My sister, Iren, was born in Baia Mare, in 1904. She was very intelligent. Like every one of us, she went to high school too, but she had something extra: she was a self-taught girl, she read all the time, she had an amazing general culture, and she spoke of things that were unknown even to college graduates. And she owed all this exclusively to the books she read and to her ambition to know more. Had she lived in another environment, or had she had the material resources, she would have become at least a researcher, I think. She had a special personality. She resembled our mother, as she was determined and knew what she was doing. I respected her and her opinion weighed the most because of that remarkable inborn intelligence.

Poor her, she was unlucky in life: she married the wrong man.

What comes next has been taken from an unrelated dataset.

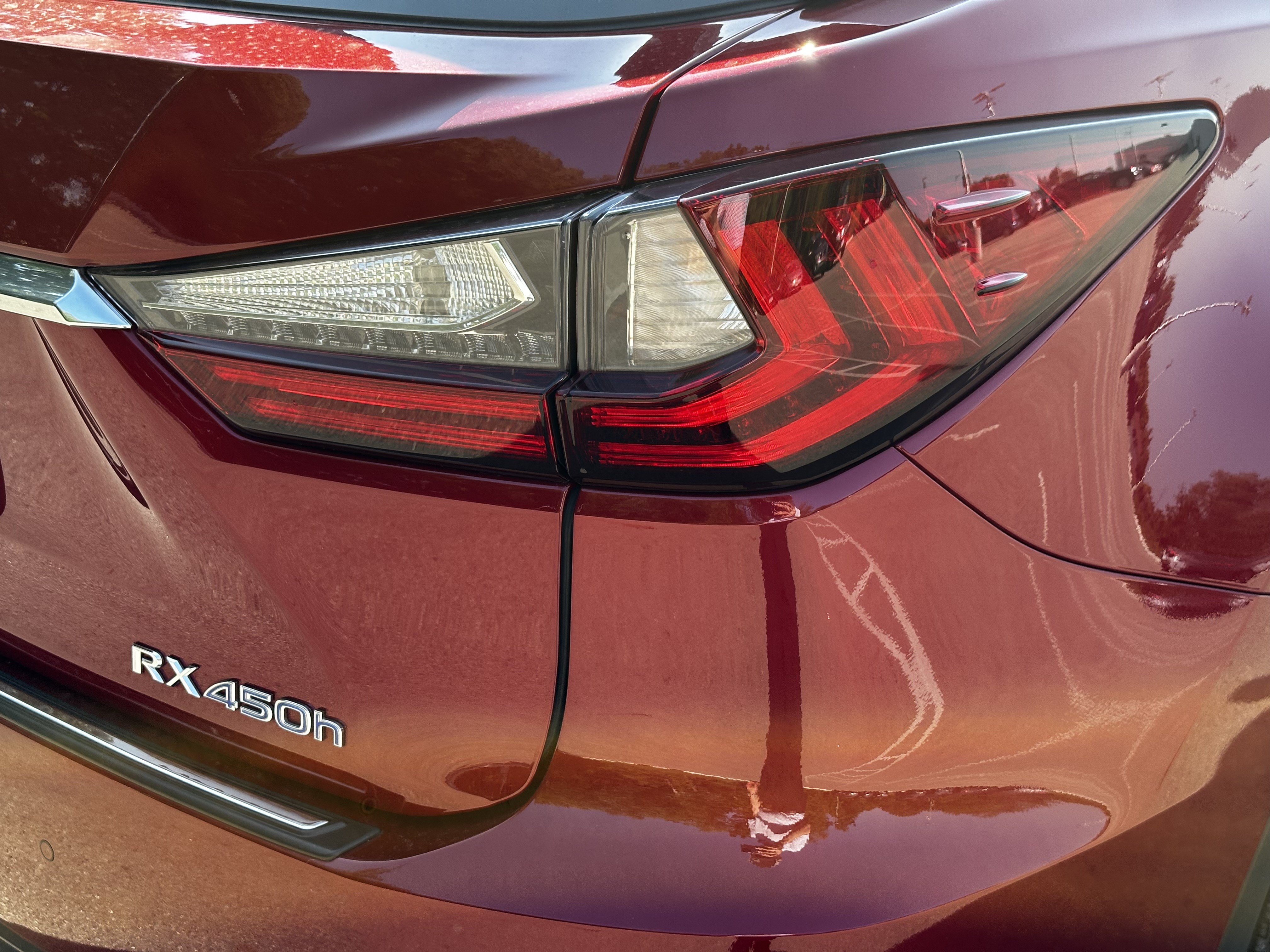 Used 2019 Lexus RX 450h AWD w/ Luxury Package image 27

This is how fate had its revenge; my sister couldn't live with a man who was far below her level. They simply didn't manage to adjust to each other. There was no room for argument, for she was very intelligent and told him, 'Look, the two of us can't get along, we don't think alike, so why torture ourselves?' He was rich and had everything he wanted, but he lacked the proper degree of intelligence. So they divorced. Then my sister moved to Cluj, where she lived with our sister, Margit. She got a job and she provided for herself.

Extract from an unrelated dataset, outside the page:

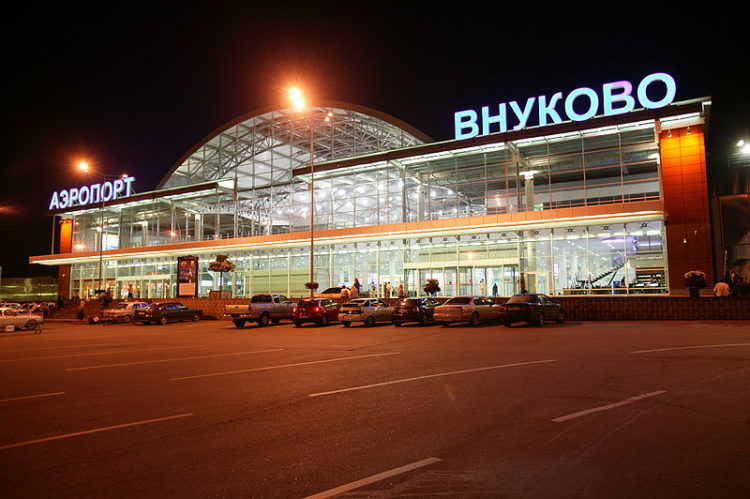 Аэропорт Внуково — отзывы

Iren and my other sister, Margit, were taken to forced labor to Germany. There was this ship that was supposed to carry girls for labor to one of the Baltic countries - Estonia or Latvia, I'm not sure. Germany had ties with these countries, and whoever volunteered to leave the camp and go there was sent there. My sisters, this girl told me, thought things would be easier over there, so they boarded, the poor them. Well, the ship ended up just like the Titanic [it sank].